DESCRIPTION OF THE TASK: Return exactly, with nothing added, the lines from the one that contains "Боксерские перчатки BoyBo" through the end of the listing below, pictures excluded.

DATASET CONTENT:
********

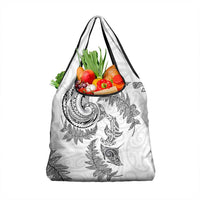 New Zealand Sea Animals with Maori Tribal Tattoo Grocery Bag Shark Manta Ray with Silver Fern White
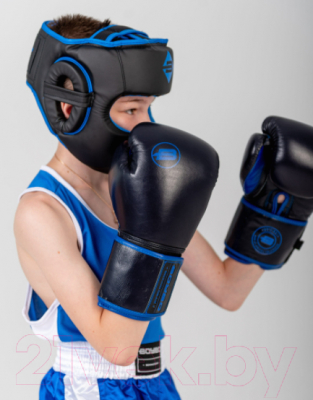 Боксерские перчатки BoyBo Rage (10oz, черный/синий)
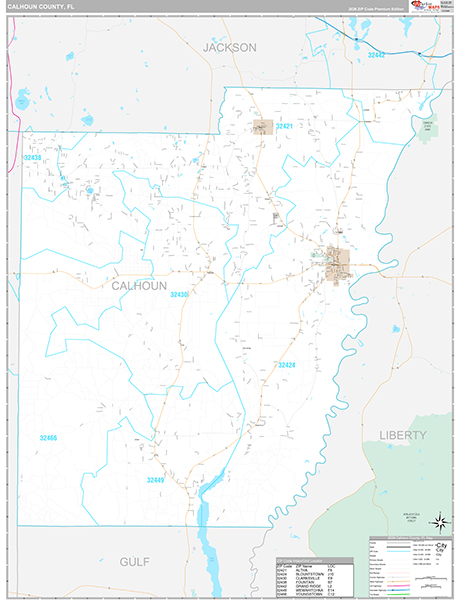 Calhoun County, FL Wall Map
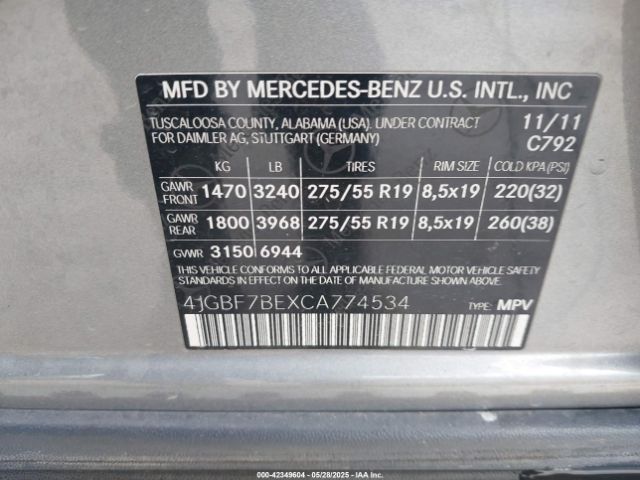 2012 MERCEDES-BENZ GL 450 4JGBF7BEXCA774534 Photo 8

********

SOLUTION:
 Боксерские перчатки BoyBo Rage (10oz, черный/синий)
 Calhoun County, FL Wall Map
 2012 MERCEDES-BENZ GL 450 4JGBF7BEXCA774534 Photo 8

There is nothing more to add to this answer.